Wednesday, November 24, 2010

Cosmic Love and The Alchemy of Chance



Cosmic Love

I took the stars from my eyes, and then I made a map
And knew that somehow I could find my way back
Then I heard your heart beating, you were in the darkness too
So I stayed in the darkness with you**


My daughter and my husband are very keen on a song called Cosmic Love, by Florence and the Machine. It’s on both their ipods so I hear it in the kitchen while my husband is cooking, and in the car. In the song the narrator has been blinded by a star falling from an un-named someone’s heart, and left in the dark, so he or she makes a map, all of which reminds me, on more than one level, of The Alchemy of Chance. Aurelie, who is actually blind, meets Dafydd, who is symbolically blind, at least where love is concerned. You might think I’d be comparing Aurelie to the narrator of Cosmic Love, but Dafydd is a closer match. When he meets Aurelie he’s immediately struck by her and the book is much more about his long journey, sharing her darkness, than it is about any issues she has with finding her way around. She was once a mapmaker but blindness has reduced her, bizarrely enough, to the position of navigator, and it’s Dafyyd who makes the literal maps of their journey.

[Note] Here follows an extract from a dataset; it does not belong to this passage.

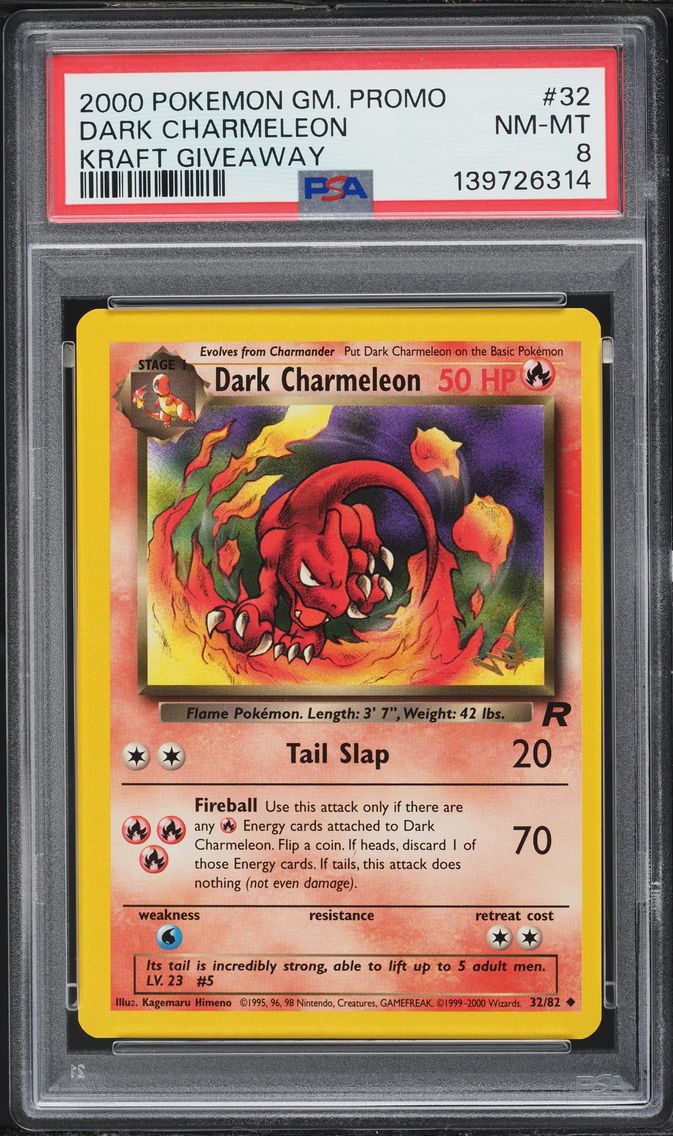 2000 #32 Dark Charmeleon PSA 8 Game Promo Pokemon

... she needed the whole picture, and preferably one with a frame. She needed relief and spatial accuracy, signs and symbols that spoke to her of landscapes natural and man-made, rivers hills and towns, the odd church and burial mound, the relationship of one place to another, accurate to the kilometre… well maybe ten, at this scale…
“You understand, don’t you?”
“Of course.”
“You’ll need another Michelin, a piece of board, some fuse-wires, drawing pins…”
“I’ll make you a map, OK.”


Early in the book Aurelie’s father, Didier sticks pins into a map of the London Underground, so she can visualise the route through it, and then makes her a map of sorts, of the stars - a book of blank astrological charts with each segment lined with fuse wire. “Some jewellery-maker friends fashioned a brooch for each of the star signs. He made a tactile protractor himself. A small toolbox housed more lengths of fuse wire, locating-pins and lumps of plasticine to help keep the delicate operations stable.” All of this made it possible for Aurelie to find her way amongst the stars, and to do astrological readings. But Didier too is caught in the darkness, in “a sombre dusk” that “fell on his soul” after the death of his wife and Aurelie’s loss of sight.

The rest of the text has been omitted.